In Supplementary Fig. 4A and B, \(W_{ij}\) were chosen uniformly in the range 1–1.27 mV. In Supplementary Fig. 4C and D, \(W_{ij}\) was \(1.1425\,{\mathrm{mV}}\) with probability 0.8 for synapses from a neuron to the neurons in the next layer and 0 otherwise.

To map network dynamics to timing, an integrate-and-fire readout neuron is connected to all the neurons in every 9th layer, making a total of 10 readout neurons. Their dynamics are governed by the same equations as the chain neurons, except they do not receive any external input or noise. Synaptic weights between neurons in the chain were set to \(1.13\,{\mathrm{mV}}\). The first spikes of the output neurons mark interval boundaries. The first interval commences with the start of the external pulse.

The equations governing the network dynamics were integrated with a first-order Euler method, with an integration step size of \({\rm d}t = 0.1\,{\mathrm{ms}}\), unless stated otherwise.

Interference matrix.
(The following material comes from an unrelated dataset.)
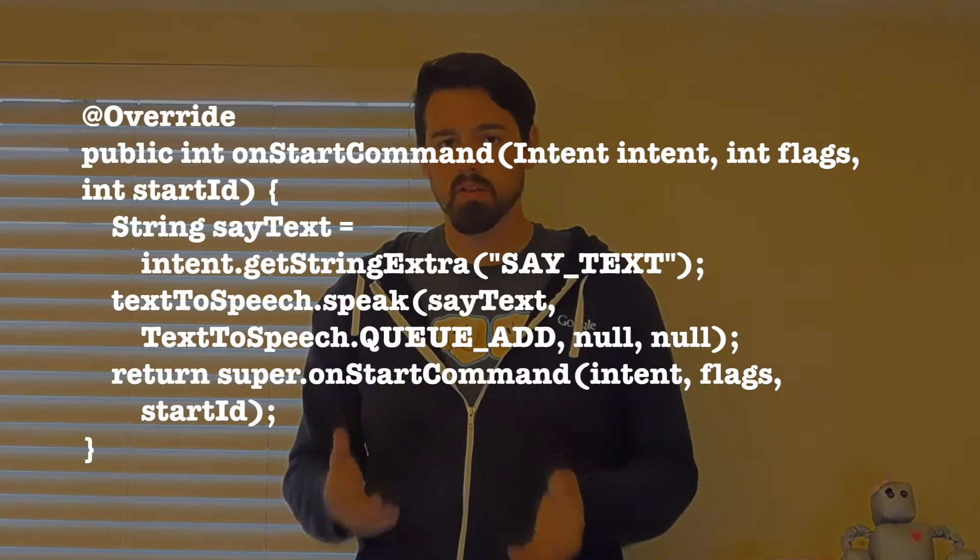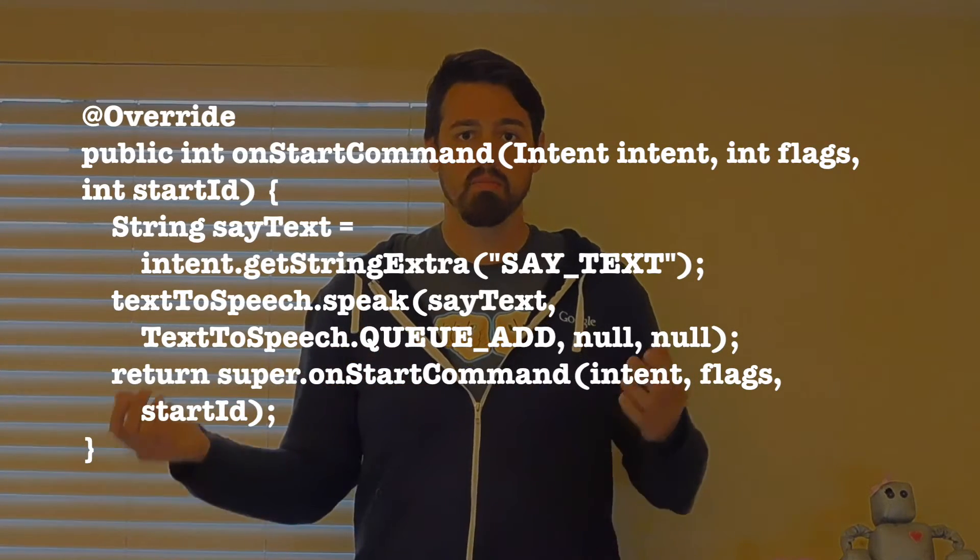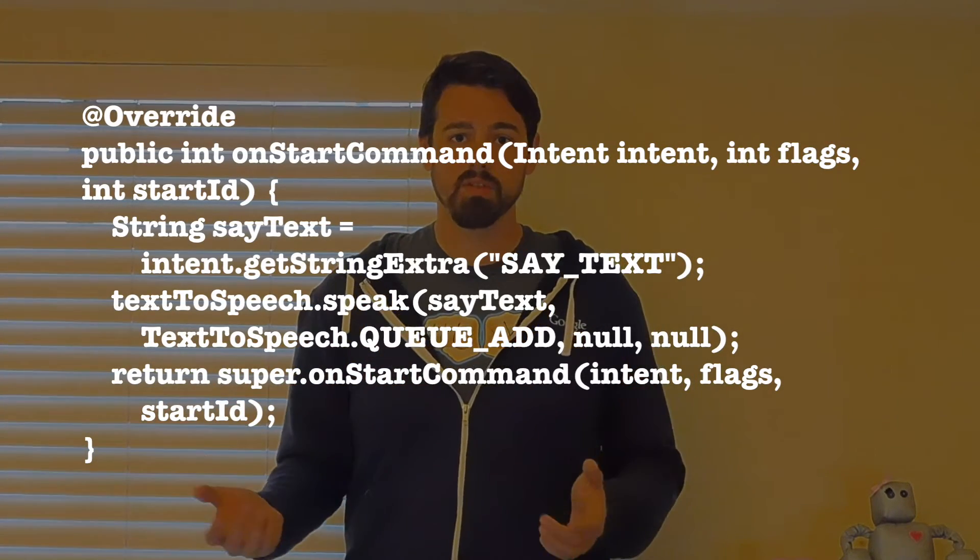We fire an intent from the broadcast receiver to the service. The service handles it just like we showed in part one of this video series. All you do is handle an intent like normal — check for the extra, pull out the string, and then pass that off to your text-to-speech client.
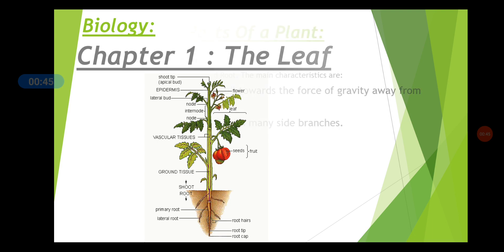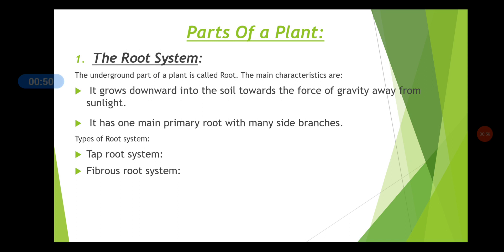Let us study about this flowering plant. The parts of a plant — first let us study about the root system. What is a root? The underground part of a plant is called the root. That is, the part of the plant which remains inside the soil is known as the root. This root will always grow downward inside the soil towards the force of gravity, away from sunlight. The roots absorb water from the soil for the plant.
To calculate the interference matrices of the synfire chain, we calculated the gradients of the interval durations numerically: one-by-one, each non-zero synaptic weight was increased by \({\rm d}W = 0.113\,V\) and the change in interval durations measured. In these simulations, \(\sigma = 0\) and dt=0.5 µs. We observed that when a synaptic weight is increased by \({\rm d}W\), durations of the interval associated with the perturbed synapse, decreased by 0.2645 ms, giving a gradient of 2.3407 ms/V. Changes in other intervals were numerically 0. A zero gradient is also expected from theory. Since our model synfire chain has all-to-all connectivity between layers and, at setup, all synaptic weights are the same, in the absence of noise, neurons that live in the same layer receive exactly the same input. A small increase in a synaptic weight leads to a larger synaptic input to all post-synaptic layer neurons, and causes them to shift their bursting to an earlier time by an equal duration, without changing the shape of the burst. Subsequently, downstream layers of the chain only shift their activity in time by equal durations, leading to no change in interval durations.
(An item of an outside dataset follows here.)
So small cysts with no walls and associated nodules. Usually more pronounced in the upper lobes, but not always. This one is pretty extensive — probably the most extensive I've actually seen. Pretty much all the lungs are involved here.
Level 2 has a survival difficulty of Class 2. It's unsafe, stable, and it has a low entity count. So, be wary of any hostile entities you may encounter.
Reinforcement learning. The procedures for reinforcement learning were kept the same as for the fsRNNs, except that γ= 1 µV with the eligibility trace now taking the form:

$$e_{ij}\left( t \right) = \int _0^t \frac{{{\rm d}t{\prime}}}{{\tau _e}}\;e^{ - (t - t{\prime})/\tau _e}\eta _i\left( {t{\prime}} \right)s_{j}\left( {t{\prime}} \right),$$

where \(\tau _e = 35\,{\mathrm{ms}}\), and \(s_{j}\left( t \right) = \mathop {\sum }\limits_k E\left( {t - t_j^k} \right)\). The synaptic weights were not allowed to increase above \(1.6\,{\mathrm{mV}}\) nor fall below \(0.92\,{\mathrm{mV}}\) for stability of chain propagation: weights above the upper bound led to explosion, and weights below the lower bound led to activity propagation terminating before reaching the end of the chain.
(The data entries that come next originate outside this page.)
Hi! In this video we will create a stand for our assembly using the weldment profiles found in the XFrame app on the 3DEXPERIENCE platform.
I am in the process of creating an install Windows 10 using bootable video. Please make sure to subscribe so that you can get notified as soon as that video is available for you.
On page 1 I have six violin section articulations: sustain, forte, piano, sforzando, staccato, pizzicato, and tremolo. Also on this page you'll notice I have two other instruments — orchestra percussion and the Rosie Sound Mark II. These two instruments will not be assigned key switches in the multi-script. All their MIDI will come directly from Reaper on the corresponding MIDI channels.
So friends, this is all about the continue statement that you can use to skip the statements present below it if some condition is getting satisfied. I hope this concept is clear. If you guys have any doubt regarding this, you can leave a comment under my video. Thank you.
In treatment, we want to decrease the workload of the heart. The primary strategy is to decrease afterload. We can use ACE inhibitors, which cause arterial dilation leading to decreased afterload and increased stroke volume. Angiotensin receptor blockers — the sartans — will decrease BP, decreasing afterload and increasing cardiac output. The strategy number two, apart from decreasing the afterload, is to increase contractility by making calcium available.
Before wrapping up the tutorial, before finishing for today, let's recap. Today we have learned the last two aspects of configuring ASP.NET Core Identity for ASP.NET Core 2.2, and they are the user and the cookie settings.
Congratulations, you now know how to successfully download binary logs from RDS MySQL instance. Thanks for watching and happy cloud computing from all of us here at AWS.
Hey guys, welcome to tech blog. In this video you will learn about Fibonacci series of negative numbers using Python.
Statistics: In figures, all reported error bars are standard deviations over different trained networks unless stated otherwise. In Figs. 2k, 3i, 5f, interference per interval, for a given network and a given reinforcement learning simulation of 1100 trials, was calculated as follows: (1) Intervals whose mean duration had changed were identified. For this purpose, for each interval, we performed a t-test (significance value 5%) to test whether the interval’s durations between trials 900 and 1100 was coming from a distribution whose mean is the interval’s mean baseline duration. (2) When the null-hypothesis was rejected (mean duration changed) for an interval, the mean duration at 1000th trial was estimated by averaging over the interval durations between trials 900 and 1100, and the change in mean duration was calculated by subtracting the baseline mean. When the null-hypothesis was borne out, the change in mean duration was zero. (3) The absolute change in non-target interval durations were normalized by the change in target duration and averaged over non-target intervals.

Data and code availability

All data analyzed and code used for this paper are available from the authors upon reasonable request.